Who? The latest exhibition from the roving art gallery, The Horsebox Gallery, is a collection of works from one of Britain’s foremost original printmakers, Tim Mara. Working both as an independent artist and as Professor of Printmaking at London’s Royal College of Art, Mara’s creations stand as testament to the enduring power of the medium in which he worked, a medium that has so often been subjugated to ‘real’ art’s less interesting younger cousin. This pop-up exhibition, lasting a mere four days, is a wonderful opportunity to explore, enjoy and purchase the vivid and eclectic output of one of printmaking’s greatest practitioners.
What? Constantly touring round the country, each exhibition put on by The Horsebox Gallery is positioned in a location synonymous with the project in hand. And this one is no different. In celebration of the period when Mara was at his height, his prints have been hung on the walls of an original seventies flat. Sitting above an old East End Pie & Mash shop in Broadway Market, the exhibition space is thus complete with the lurid wallpaper, boxy wooden furniture and the glasses of florescent cocktails so often portrayed in the works themselves.

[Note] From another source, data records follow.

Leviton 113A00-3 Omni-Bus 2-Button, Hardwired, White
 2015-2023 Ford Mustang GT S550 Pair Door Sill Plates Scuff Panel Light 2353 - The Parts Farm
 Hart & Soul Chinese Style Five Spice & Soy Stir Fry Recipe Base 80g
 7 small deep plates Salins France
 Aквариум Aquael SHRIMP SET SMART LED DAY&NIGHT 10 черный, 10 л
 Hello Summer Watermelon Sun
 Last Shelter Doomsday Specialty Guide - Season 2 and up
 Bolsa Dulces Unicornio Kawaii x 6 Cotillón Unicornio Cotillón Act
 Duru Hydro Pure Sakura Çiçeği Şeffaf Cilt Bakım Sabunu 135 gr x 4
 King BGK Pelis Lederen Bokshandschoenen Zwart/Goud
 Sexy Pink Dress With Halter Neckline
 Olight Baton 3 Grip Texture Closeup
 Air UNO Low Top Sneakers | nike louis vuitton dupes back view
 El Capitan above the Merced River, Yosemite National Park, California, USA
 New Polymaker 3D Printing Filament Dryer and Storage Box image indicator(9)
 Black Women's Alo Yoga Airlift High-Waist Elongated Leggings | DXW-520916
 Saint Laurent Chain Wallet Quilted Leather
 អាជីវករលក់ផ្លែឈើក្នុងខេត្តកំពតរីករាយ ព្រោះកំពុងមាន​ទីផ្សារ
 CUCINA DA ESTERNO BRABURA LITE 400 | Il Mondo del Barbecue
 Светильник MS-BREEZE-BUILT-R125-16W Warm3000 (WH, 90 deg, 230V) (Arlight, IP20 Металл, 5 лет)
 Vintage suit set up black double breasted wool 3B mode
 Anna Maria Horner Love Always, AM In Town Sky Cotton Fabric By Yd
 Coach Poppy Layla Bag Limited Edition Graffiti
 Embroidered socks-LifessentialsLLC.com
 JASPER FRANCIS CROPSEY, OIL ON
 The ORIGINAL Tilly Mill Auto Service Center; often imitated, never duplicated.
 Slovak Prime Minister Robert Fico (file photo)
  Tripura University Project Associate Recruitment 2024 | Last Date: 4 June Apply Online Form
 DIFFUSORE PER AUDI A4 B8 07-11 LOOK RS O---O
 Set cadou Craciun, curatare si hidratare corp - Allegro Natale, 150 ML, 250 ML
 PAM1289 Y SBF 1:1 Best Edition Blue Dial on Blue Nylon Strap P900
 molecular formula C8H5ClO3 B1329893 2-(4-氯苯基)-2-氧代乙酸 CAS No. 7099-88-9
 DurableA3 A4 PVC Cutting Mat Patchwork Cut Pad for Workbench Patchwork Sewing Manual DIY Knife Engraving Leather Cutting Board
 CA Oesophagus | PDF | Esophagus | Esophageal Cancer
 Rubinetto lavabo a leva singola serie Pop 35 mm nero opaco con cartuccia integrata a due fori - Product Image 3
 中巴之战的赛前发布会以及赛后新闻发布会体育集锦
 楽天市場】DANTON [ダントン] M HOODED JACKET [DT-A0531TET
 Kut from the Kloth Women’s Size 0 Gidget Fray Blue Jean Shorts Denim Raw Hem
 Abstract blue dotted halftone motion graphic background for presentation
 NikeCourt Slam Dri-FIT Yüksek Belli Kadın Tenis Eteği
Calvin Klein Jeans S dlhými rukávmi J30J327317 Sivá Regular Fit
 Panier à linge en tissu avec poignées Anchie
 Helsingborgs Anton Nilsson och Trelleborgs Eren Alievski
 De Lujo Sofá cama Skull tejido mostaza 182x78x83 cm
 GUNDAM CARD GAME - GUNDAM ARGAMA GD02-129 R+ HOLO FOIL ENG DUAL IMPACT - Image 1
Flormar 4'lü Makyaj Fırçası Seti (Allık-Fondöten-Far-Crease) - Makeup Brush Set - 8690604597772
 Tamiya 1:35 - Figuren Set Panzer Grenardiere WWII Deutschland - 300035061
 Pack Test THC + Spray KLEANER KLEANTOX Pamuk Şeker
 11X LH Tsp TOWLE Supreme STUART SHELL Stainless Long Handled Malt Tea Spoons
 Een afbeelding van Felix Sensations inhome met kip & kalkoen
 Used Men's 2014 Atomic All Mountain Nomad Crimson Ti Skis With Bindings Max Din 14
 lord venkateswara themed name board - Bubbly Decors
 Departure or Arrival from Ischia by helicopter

Why? Mara’s work is an intriguing mix of very potent influences that are superbly conveyed in this unusual and highly evocative environment. Pop Art motifs abound, in the electric colouration and clarity of subject, and 70s filmmakers have clearly made their mark. Critics, when considering the stylised interior scenes, have often made a not unjustified leap to the collages of Richard Prince; yet this was an influence that Mara consistently denied. Indeed, Mara looked for stylistic inspiration to the classical masters such as Vermeer, whose works are powerful in their suspended narrative and an ordered calm, at odds rather with the somewhat hysterical energy to be found in more contemporary artworks. And it is due to Mara’s lofty ambitions that these prints defy detractors and artistic snobbery. As he himself said, "In the hierarchy of fine art, printmaking is usually associated with craft skills – with technique. And that gets in the way. My work was always about the ideas more than the medium.”
Tim Mara (1948-1997): Exhibition of Prints from 1970-1990 will run until January 28 at 9 Broadway Market, London, E8 4PH.